--- Data extracts ---
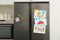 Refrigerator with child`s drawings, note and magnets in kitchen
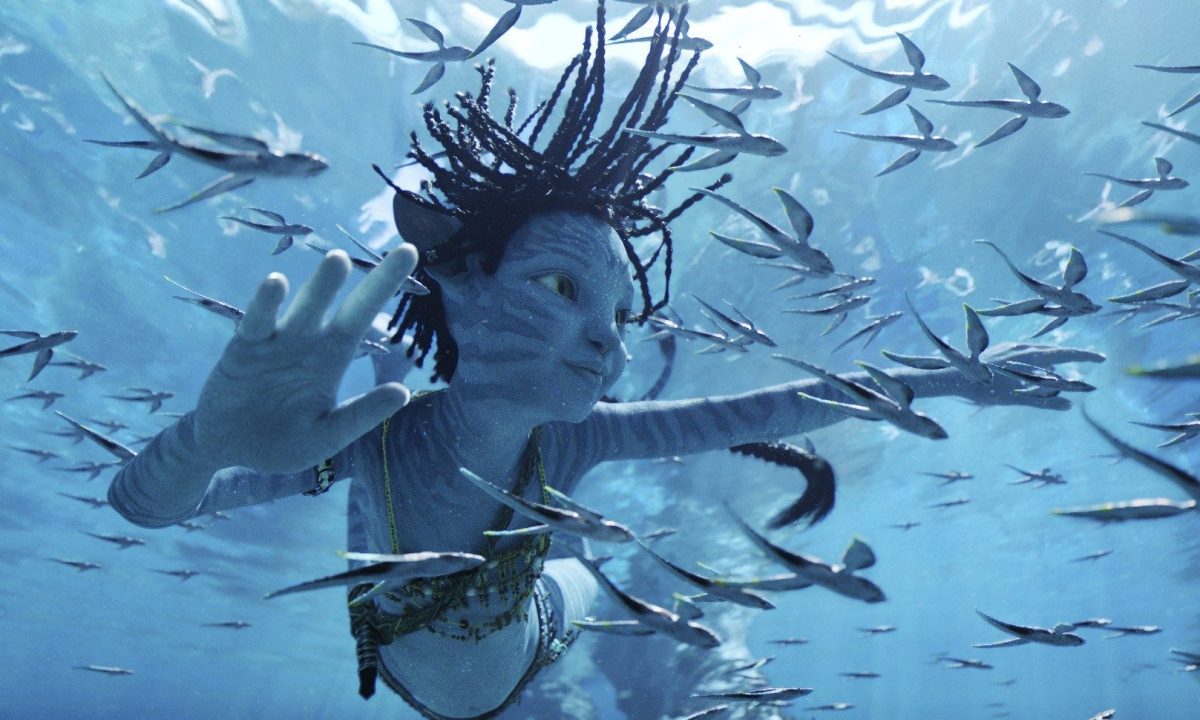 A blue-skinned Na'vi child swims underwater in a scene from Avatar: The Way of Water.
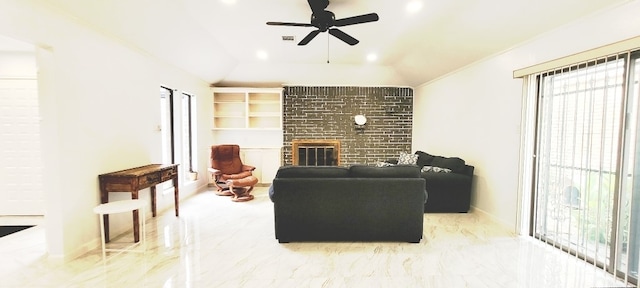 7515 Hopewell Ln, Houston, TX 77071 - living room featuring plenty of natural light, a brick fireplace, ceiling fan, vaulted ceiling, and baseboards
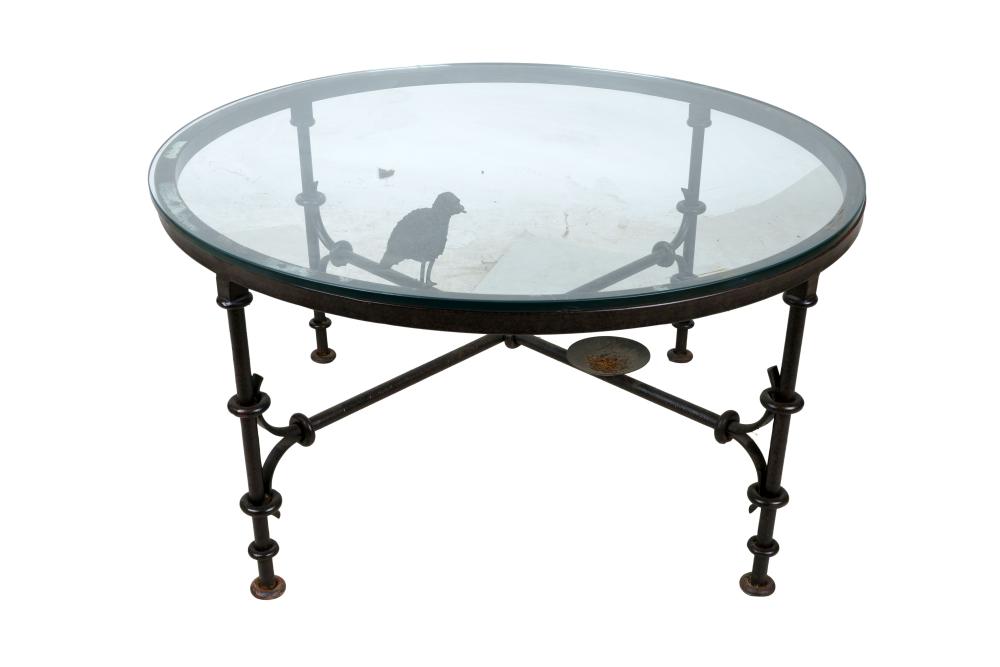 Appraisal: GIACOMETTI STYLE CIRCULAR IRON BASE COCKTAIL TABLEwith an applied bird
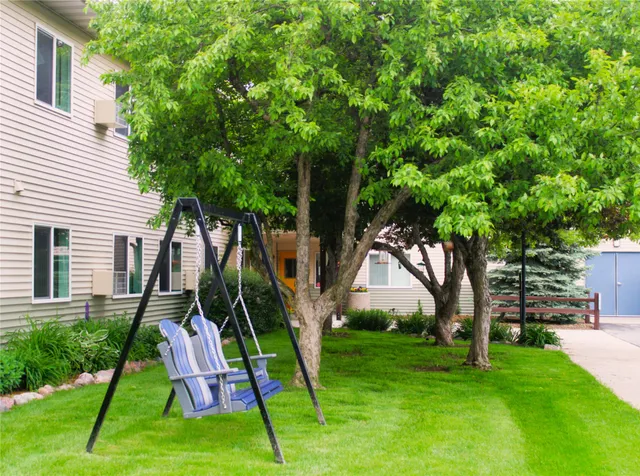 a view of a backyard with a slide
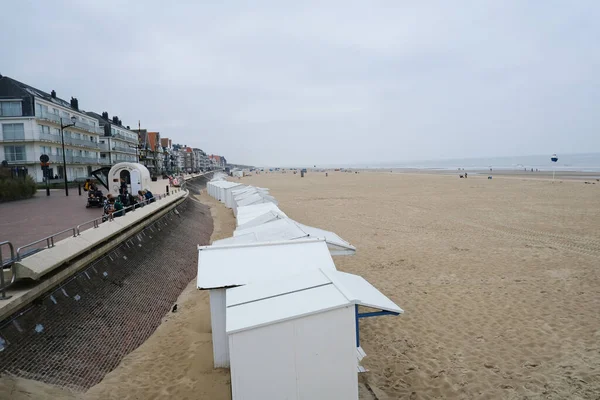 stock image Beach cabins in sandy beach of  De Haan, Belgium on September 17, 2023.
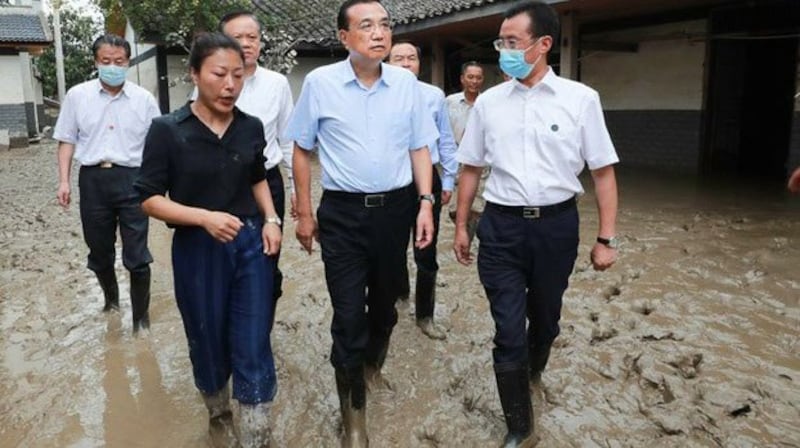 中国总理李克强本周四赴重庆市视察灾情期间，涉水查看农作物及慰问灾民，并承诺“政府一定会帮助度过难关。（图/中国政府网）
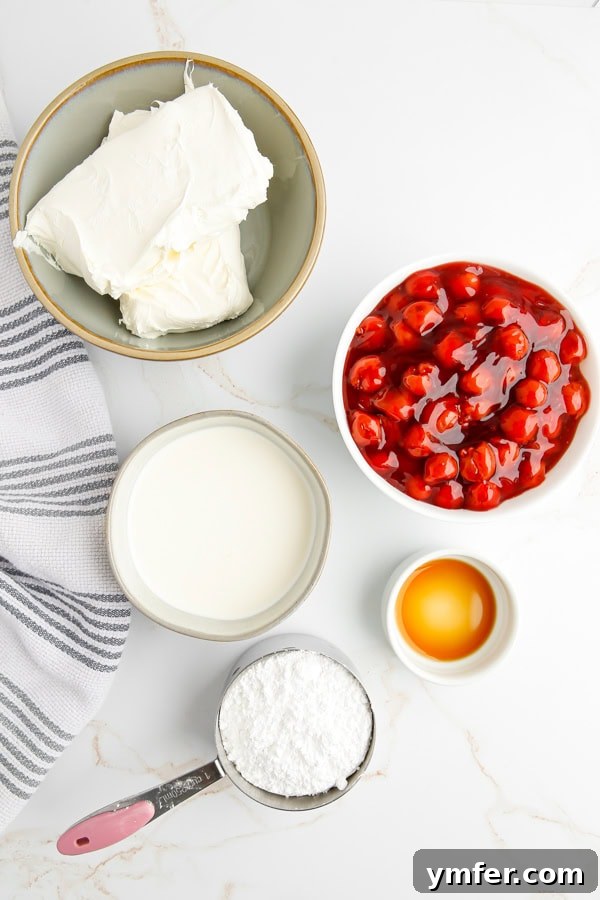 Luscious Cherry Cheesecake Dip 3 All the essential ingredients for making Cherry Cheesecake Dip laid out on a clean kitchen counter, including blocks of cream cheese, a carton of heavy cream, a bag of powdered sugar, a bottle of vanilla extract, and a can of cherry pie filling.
...
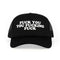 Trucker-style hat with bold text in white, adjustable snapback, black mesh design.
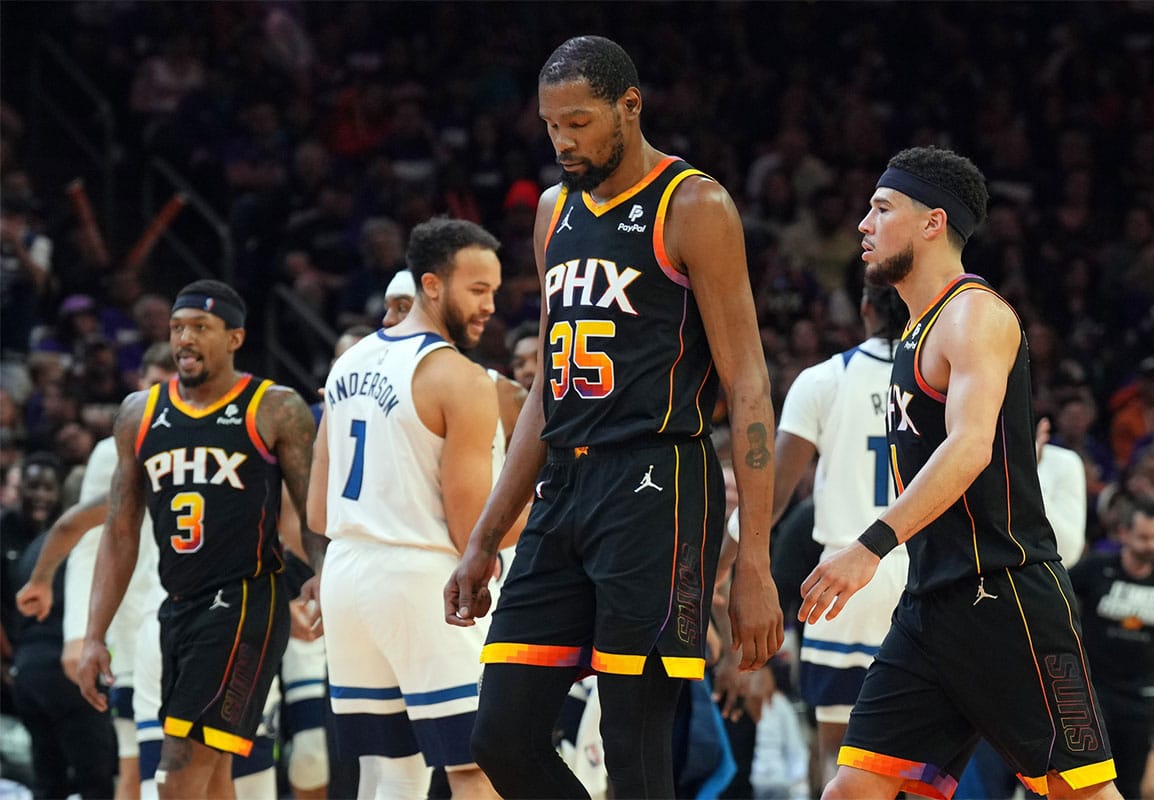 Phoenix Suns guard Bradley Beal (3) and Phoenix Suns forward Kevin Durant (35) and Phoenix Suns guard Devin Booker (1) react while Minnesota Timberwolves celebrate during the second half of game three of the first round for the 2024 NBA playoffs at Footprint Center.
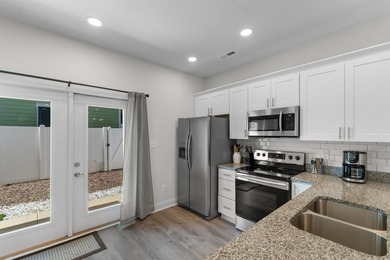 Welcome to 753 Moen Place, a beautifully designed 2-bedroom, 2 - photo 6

--- Problem statement ---
Beginning with the line that contains "magnets in kitchen" and ending with the line that contains "Luscious Cherry Cheesecake", reproduce the listing exactly, pictures excluded.

--- Solution to this exercise ---
 Refrigerator with child`s drawings, note and magnets in kitchen
 A blue-skinned Na'vi child swims underwater in a scene from Avatar: The Way of Water.
 7515 Hopewell Ln, Houston, TX 77071 - living room featuring plenty of natural light, a brick fireplace, ceiling fan, vaulted ceiling, and baseboards
 Appraisal: GIACOMETTI STYLE CIRCULAR IRON BASE COCKTAIL TABLEwith an applied bird
 a view of a backyard with a slide
 stock image Beach cabins in sandy beach of  De Haan, Belgium on September 17, 2023.
 中国总理李克强本周四赴重庆市视察灾情期间，涉水查看农作物及慰问灾民，并承诺“政府一定会帮助度过难关。（图/中国政府网）
 Luscious Cherry Cheesecake Dip 3 All the essential ingredients for making Cherry Cheesecake Dip laid out on a clean kitchen counter, including blocks of cream cheese, a carton of heavy cream, a bag of powdered sugar, a bottle of vanilla extract, and a can of cherry pie filling.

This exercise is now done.